Mon souvenir des événements de Mai-Juin 1968

par René Barbier

En mai 1968, j’avais 29 ans. Je travaillais dans un lycée de la banlieue parisienne. Un an auparavant, j’avais tenté, dans le cadre d’un club de poésie que j’avais monté avec les élèves, de créer une manifestation poétique, à partir des poètes contemporains, d’une filmographie et de réflexions et analyses sociologiques, économiques et culturelles sur le thème de  « l’enfant d’une autre part ». Elle n’avait que modestement réussi.

Un an plus tard, ce sont les Événements de mai-juin 1968 : l’explosion de la liberté d’expression et la floraison de poèmes partout dans la ville et dans mon lycée.

Je n’en reviens pas de voir toute cette effervescence, ces liens qui se tissent entre tous les êtres, cette envie d’être ensemble, de partager, de créer du  « vivre-ensemble »  dans un Principe espérance dont le philosophe Ernst Bloch un avait écrit naguère entre 1938 et 1959 les quelques 1600 pages.

Dans toutes les universités occupées, c’est l’explosion des discours, des querelles idéologiques, des formes de solidarités. Nos modernes philosophes qui crachent sur cette période de l’histoire, dans la ligne de la pensée de droite bien actuelle, (je pense par exemple à Luc Ferry) n’ont apparemment rien compris à ce qui a été vécu à ce moment. Sans doute un effet de leur habitus de classe.

Le jeune Sarkozy, même à cheveux longs, lui, était au moins congruent avec les gens de son bord.

Ceux qui ont senti le tremblement de la société durant ces quelques mois, sont restés marqués définitivement par l’espoir d’une autre culture à créer tous ensemble. Une culture moins inégale, plus juste, plus morale, plus humaine, non seulement au niveau national mais international. Une culture où on ne donnerait plus un million et demi d’euros à un PDG qui a failli à sa tâche ou qui ne distribuerait plus à son principal actionnaire quelque 27000 montants de SMIC en simples dividendes annuels[1].

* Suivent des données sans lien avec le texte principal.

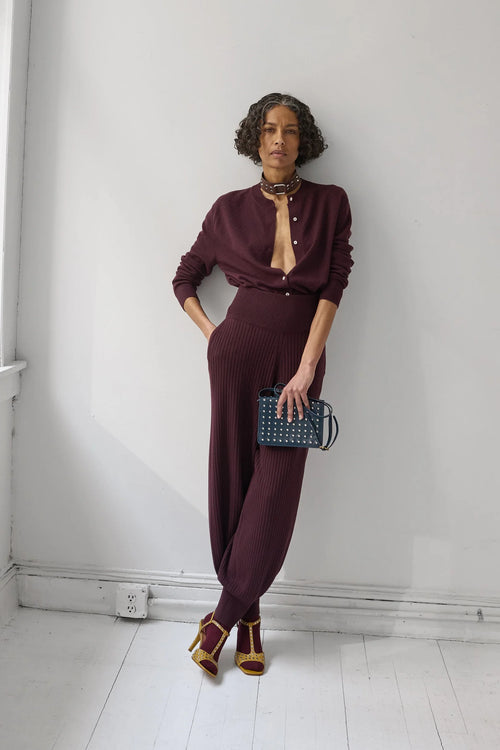 A Model wearing Auburn colored cardigan - Matin Cardigan by Rachel comey and matching pants.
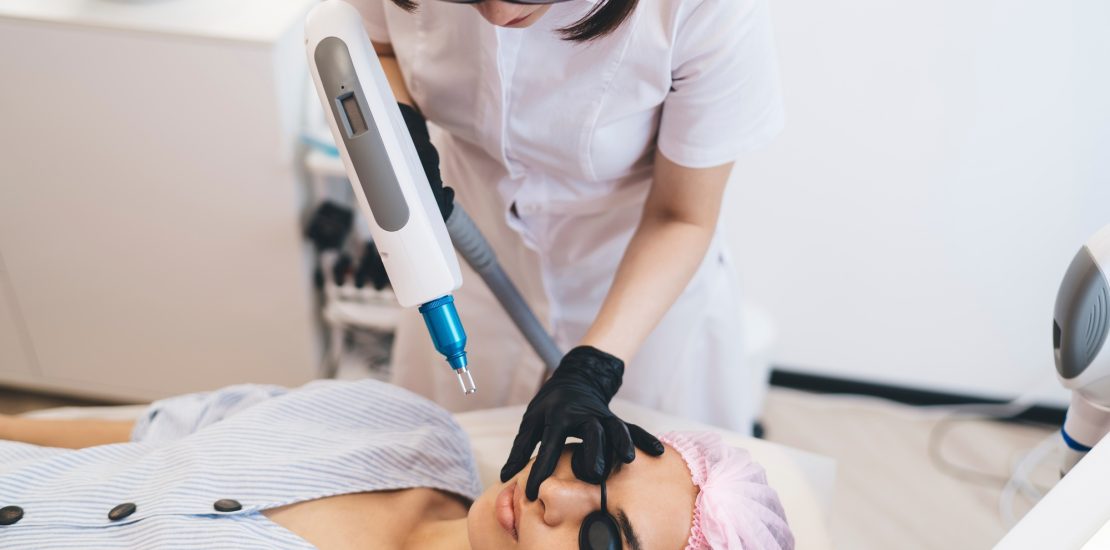 Woman lying while cosmetician doing photo epilation procedure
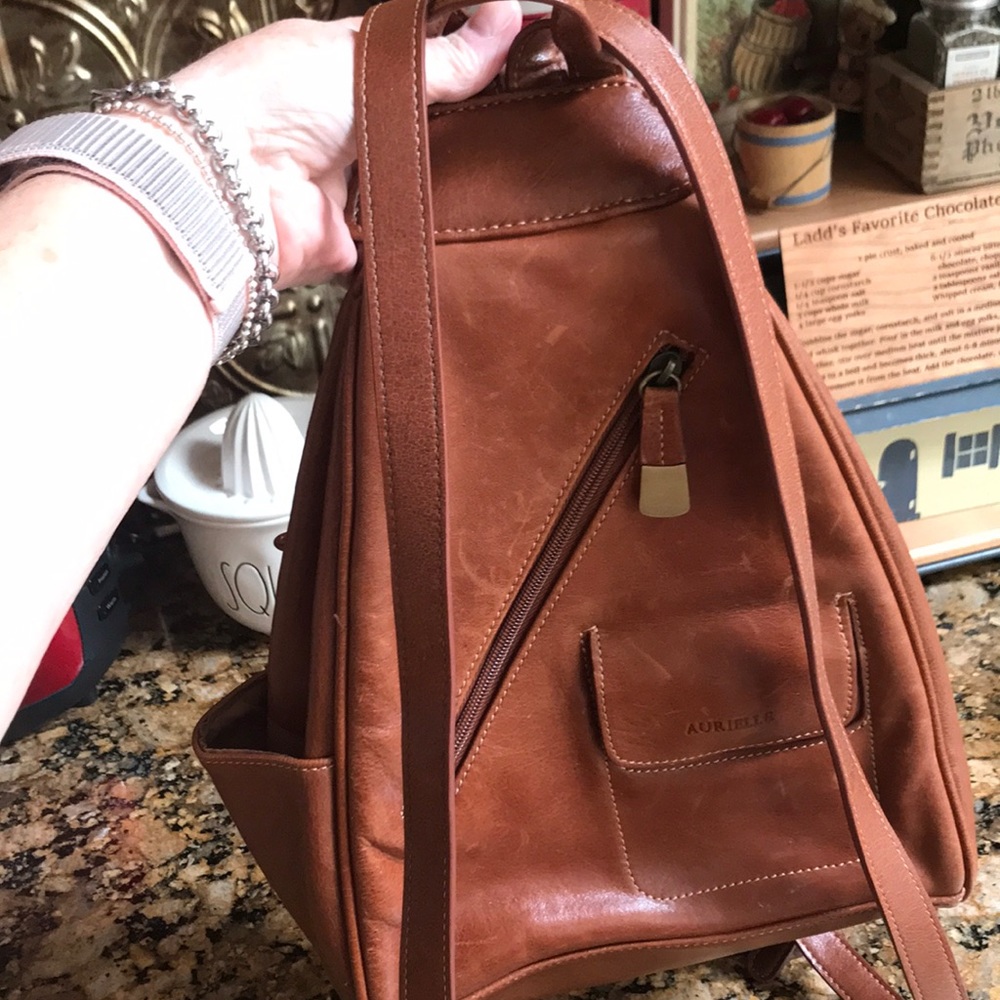 A med size Aurielle backpack purse. Leather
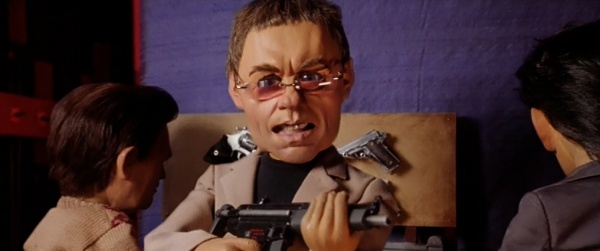 A puppet with a large, exaggerated head and glasses holds a gun while two other puppets face him. The puppet has two pistols…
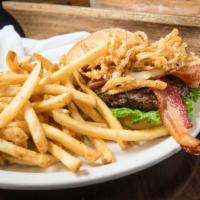 Double Bleu Burger · Smothered in crumbled black river bleu cheese with applewood smoked bacon, creamy bleu chees...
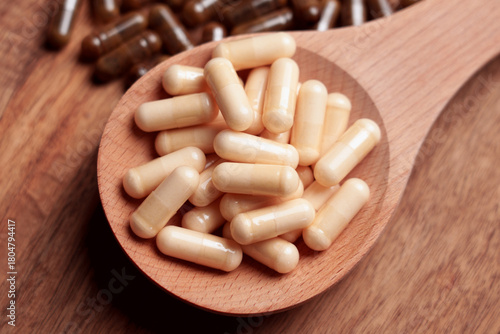 Beige capsules in wooden spoon on table with scattered brown pills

Nous étions tous concernés par cet espoir. Marxistes, socialistes jaurésiens, chrétiens de gauche, libéraux ouverts au dialogue, non sans discussions souvent assez vives mais riches d’ouvertures et d’aventures collectives.

Derrière tous nos discours, c’est une autre éthique à la fois personnelle et une autre morale sociale qui s’annonçaient.

Plus jamais, l’aphorisme de René Char entrait dans nos vies :  « Être du bond. Ne pas être du festin, son épilogue ».

Nous étions prudents à l’égard des politiciens, des raisonneurs, des calculateurs de l’économie, de tous ceux qui n’ont que la mesure à la bouche, au détriment de l’humain. L’art était à la fête. Les poètes dans les rues. La libre parole circulait comme un rai de soleil dans le flux du monde.

De Gaulle, malgré son aura issue de la Seconde Guerre Mondiale, y perdait son latin.

Un an plus tard, l’université de Vincennes ouvrait ses portes, dans le prolongement institutionnel des Événements de mai-juin 1968.

Quelques jeunes universitaires comme moi, s’y inscrivaient immédiatement, persuadés qu’ils pourraient contribuer à rénover l’université française dans le sens à la fois du  « plus humain », moins mandarinal, et d’un savoir pluriel, décloisonné, interculturel.

Pendant quelques années nous avons cru réussir

On sait que le sens éthique préfiguré allait s’ouvrir sur un post-modernisme esthétique mais complètement désillusionné.

Alors aujourd’hui, face à la montée des nouvelles figures de l’autorité instituée, souvent héritières mais oublieuses d’ailleurs, de cette époque, que dire, que faire… ? Qui retrouvera le sens de l’invention du social et de l’éducation dans notre modernité ?


[1] Bernard Arnault a touché l’équivalent de 27000 années de SMIC, en 2006, à la tête du groupe LVMH, cité p.68 dans  « Quelle justice voulons-nous », de Catherine Halpern, Les Grands Dossiers des Sciences humaines, n°10, Les grandes questions de la philosophie, mars-avril-mai 2008.